The Dawn of the Robot Coach
April 11, 2018
In 2017, Slice, a New York tech company that builds software solutions for independent pizzerias, had a management problem.
The company’s tech staff is based in Macedonia, where high unemployment rates mean most of their new hires have never held a formal job prior to Slice. “We have a lot of first-time managers who need coaching,” said Rick Pereira, chief people officer.
Instead of moving to Macedonia himself, Pereira implemented Butterfly.ai, an artificial intelligence coaching app that provides feedback to managers on their leadership skills. The tools uses anonymous employee survey results and past performance data to rate managers’ performance, then offers tips and training content to help them improve.
Pereira, who is able to review all of the feedback, said it has helped many of his team members become better managers, including their general manager who initially had a gruff communication style. “People loved what he was saying but not how he said it,” Pereira said.
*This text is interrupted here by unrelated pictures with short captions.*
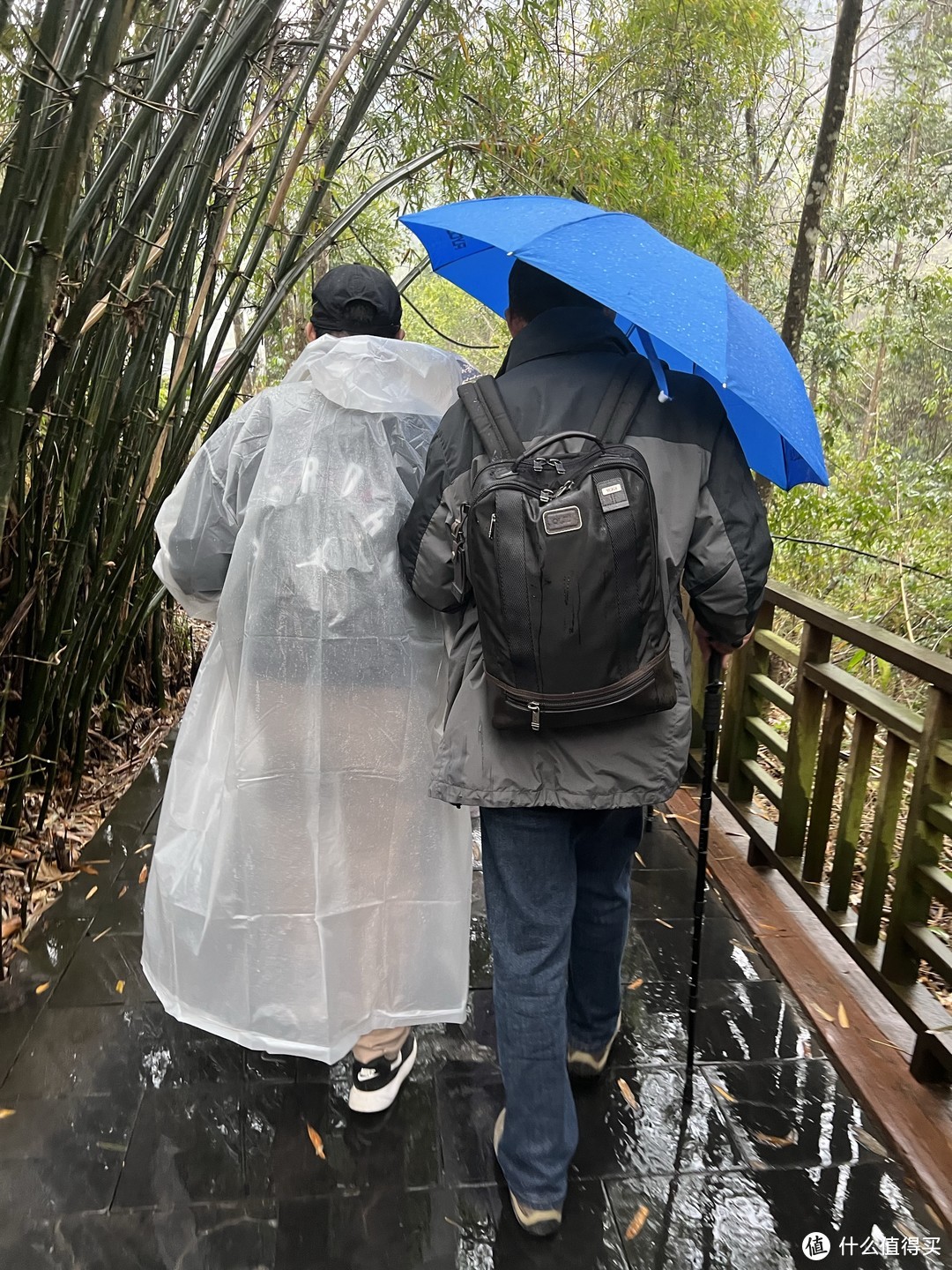 雨中山间徒步，这个应该很减肥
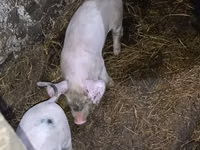 Schweine (Partie, Geschlecht nicht angegeben), Schweine — Foto 6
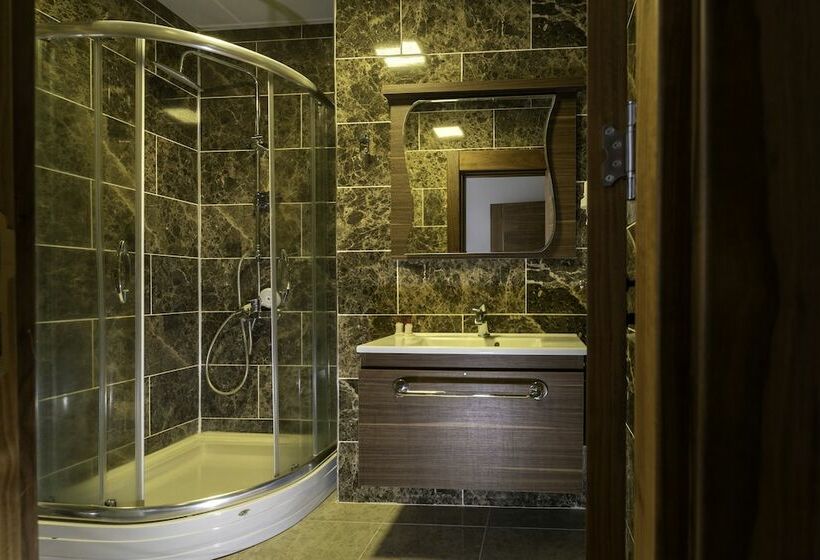 חדר סטנדרט, Janet Hotel 1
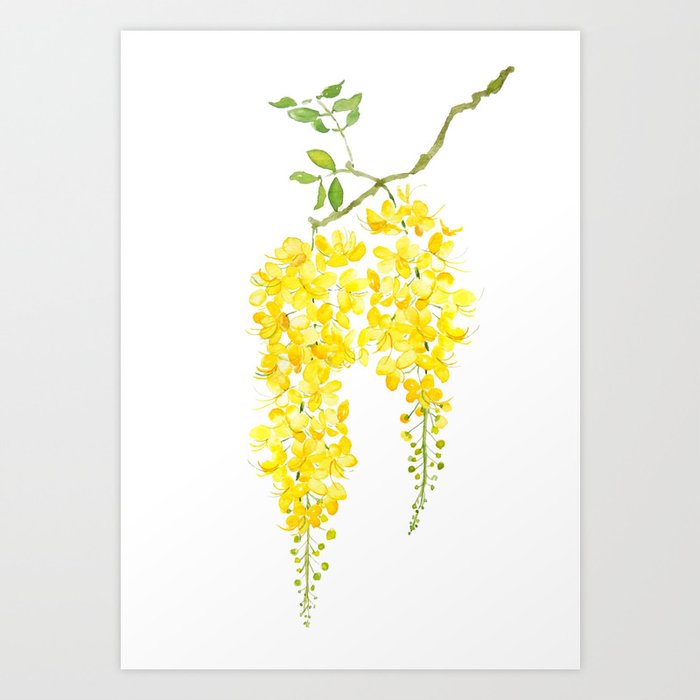 golden shower flower watercolor Art Print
Based on consistent feedback about the general manager’s rough approach, the Butterfly coach recommended a series of communication courses and articles. “Now he’s one of our strongest leaders,” Pereira said.
There is a level of subtlety there that is hard to achieve, said David William[son] Shaffer, professor of learning science at the University of Wisconsin-Madison and a game scientist at the Wisconsin Center for Education Research. “It’s difficult for a computer to have enough information about the world to know what a person needs to do or should do in a certain scenario,” he said.